# Items listed in a dataset
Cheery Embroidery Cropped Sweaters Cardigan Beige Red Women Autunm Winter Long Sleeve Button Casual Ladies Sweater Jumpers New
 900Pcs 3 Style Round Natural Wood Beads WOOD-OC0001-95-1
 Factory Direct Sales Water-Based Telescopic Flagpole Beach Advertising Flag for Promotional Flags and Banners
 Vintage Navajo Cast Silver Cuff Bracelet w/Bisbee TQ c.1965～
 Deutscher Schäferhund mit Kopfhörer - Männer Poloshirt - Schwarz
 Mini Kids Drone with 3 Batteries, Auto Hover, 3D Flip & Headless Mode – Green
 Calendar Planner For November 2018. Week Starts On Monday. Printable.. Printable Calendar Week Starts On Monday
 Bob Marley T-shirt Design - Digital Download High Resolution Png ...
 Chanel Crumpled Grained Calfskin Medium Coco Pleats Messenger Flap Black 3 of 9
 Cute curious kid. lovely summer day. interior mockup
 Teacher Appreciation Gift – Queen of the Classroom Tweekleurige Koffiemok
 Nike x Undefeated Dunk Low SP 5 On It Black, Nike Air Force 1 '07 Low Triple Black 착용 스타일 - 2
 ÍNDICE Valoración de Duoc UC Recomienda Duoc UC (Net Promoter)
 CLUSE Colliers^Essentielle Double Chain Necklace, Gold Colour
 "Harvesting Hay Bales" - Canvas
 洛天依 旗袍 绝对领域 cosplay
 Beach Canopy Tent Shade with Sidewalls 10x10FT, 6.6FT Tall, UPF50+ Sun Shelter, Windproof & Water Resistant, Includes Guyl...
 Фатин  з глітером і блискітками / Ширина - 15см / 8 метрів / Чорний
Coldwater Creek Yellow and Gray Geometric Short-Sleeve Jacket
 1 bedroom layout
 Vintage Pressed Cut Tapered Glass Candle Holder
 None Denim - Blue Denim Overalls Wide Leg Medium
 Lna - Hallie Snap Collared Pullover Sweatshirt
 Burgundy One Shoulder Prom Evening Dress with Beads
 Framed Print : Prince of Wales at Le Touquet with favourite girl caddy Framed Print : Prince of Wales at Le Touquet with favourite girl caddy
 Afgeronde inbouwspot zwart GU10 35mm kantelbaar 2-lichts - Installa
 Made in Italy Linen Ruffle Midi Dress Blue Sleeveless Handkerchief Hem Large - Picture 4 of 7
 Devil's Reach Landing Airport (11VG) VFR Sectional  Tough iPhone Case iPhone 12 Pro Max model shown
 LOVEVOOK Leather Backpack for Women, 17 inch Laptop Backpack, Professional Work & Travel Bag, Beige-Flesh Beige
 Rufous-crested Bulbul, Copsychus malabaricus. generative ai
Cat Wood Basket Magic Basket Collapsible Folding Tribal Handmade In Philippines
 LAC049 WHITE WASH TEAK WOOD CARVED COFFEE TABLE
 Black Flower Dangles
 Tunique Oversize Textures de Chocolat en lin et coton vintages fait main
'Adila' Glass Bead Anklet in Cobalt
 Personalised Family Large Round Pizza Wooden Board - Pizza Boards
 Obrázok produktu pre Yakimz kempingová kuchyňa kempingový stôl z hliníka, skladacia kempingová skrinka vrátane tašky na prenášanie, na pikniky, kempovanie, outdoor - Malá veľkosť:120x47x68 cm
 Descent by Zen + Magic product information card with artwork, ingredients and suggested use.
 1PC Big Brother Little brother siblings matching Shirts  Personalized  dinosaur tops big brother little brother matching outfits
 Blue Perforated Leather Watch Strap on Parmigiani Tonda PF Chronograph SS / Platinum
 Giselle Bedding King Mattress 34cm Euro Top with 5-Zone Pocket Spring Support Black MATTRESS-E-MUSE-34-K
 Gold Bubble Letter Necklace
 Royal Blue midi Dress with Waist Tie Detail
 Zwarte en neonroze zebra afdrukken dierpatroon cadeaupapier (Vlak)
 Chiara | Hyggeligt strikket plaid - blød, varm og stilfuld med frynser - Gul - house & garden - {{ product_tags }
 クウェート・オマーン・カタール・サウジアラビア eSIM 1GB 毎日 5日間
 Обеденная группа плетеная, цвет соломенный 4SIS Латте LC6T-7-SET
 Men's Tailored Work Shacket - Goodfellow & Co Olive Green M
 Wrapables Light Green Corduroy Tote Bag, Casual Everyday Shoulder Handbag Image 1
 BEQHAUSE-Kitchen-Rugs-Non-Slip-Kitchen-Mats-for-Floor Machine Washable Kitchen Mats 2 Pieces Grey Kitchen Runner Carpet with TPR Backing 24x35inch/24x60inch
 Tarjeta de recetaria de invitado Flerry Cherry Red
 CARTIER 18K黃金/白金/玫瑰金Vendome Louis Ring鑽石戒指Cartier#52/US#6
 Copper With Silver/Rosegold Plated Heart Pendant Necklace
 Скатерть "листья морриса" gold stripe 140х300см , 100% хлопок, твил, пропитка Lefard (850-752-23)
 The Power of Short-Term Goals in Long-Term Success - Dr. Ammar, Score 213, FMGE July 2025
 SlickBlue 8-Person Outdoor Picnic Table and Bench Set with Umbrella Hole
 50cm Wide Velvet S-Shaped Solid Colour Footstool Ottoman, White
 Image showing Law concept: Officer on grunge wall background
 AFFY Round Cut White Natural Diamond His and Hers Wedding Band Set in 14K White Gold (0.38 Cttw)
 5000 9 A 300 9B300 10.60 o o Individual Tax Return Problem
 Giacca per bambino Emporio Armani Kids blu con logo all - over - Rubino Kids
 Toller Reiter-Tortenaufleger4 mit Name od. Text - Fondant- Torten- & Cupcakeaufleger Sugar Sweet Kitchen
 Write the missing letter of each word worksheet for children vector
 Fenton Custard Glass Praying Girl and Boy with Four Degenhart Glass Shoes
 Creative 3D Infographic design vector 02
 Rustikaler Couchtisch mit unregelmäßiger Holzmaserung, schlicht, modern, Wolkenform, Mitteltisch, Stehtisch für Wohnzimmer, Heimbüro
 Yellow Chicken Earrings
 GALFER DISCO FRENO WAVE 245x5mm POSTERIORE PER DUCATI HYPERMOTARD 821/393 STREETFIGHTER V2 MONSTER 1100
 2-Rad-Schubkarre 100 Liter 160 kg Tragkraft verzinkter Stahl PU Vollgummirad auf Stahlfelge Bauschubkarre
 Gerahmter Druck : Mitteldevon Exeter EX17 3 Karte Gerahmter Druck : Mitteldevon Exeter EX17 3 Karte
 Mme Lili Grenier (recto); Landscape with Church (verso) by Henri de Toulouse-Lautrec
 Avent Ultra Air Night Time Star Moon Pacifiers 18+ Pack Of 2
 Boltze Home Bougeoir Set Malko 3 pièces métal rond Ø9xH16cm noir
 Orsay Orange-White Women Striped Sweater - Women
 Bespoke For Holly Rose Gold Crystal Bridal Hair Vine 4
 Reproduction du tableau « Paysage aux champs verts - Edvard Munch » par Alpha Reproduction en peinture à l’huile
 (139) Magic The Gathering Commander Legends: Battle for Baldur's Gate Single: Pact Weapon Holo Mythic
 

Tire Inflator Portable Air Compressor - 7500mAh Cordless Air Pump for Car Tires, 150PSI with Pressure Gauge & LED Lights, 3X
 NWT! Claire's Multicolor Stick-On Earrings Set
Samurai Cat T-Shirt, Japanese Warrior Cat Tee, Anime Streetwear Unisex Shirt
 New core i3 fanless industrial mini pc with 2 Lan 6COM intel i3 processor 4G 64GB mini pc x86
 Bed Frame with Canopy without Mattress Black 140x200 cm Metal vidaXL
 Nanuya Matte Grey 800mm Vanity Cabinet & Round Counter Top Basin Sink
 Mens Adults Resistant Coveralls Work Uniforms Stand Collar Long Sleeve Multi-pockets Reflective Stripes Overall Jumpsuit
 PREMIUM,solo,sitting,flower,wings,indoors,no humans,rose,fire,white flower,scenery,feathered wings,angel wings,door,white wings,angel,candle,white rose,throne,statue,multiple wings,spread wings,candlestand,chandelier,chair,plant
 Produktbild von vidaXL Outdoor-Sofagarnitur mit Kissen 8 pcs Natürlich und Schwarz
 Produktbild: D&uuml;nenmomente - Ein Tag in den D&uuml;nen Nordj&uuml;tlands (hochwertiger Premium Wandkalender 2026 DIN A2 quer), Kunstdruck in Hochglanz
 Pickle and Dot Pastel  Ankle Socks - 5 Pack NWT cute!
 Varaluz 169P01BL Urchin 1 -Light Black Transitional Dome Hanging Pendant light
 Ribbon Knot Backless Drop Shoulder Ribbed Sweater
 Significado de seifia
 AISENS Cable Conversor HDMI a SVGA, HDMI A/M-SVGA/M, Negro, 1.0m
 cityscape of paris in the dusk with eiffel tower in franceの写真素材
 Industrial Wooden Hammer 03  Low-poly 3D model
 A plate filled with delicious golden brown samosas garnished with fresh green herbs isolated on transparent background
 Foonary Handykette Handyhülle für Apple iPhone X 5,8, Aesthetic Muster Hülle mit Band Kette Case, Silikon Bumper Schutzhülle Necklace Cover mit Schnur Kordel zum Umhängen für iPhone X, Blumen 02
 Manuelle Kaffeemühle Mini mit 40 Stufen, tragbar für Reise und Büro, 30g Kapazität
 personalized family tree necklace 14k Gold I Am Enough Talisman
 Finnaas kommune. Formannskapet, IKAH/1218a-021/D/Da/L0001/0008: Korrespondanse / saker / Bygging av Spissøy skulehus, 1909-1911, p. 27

# What is being asked
Write out every line from the entries where "Kids" appears.

# Exercise answer
 Mini Kids Drone with 3 Batteries, Auto Hover, 3D Flip & Headless Mode – Green
 Giacca per bambino Emporio Armani Kids blu con logo all - over - Rubino Kids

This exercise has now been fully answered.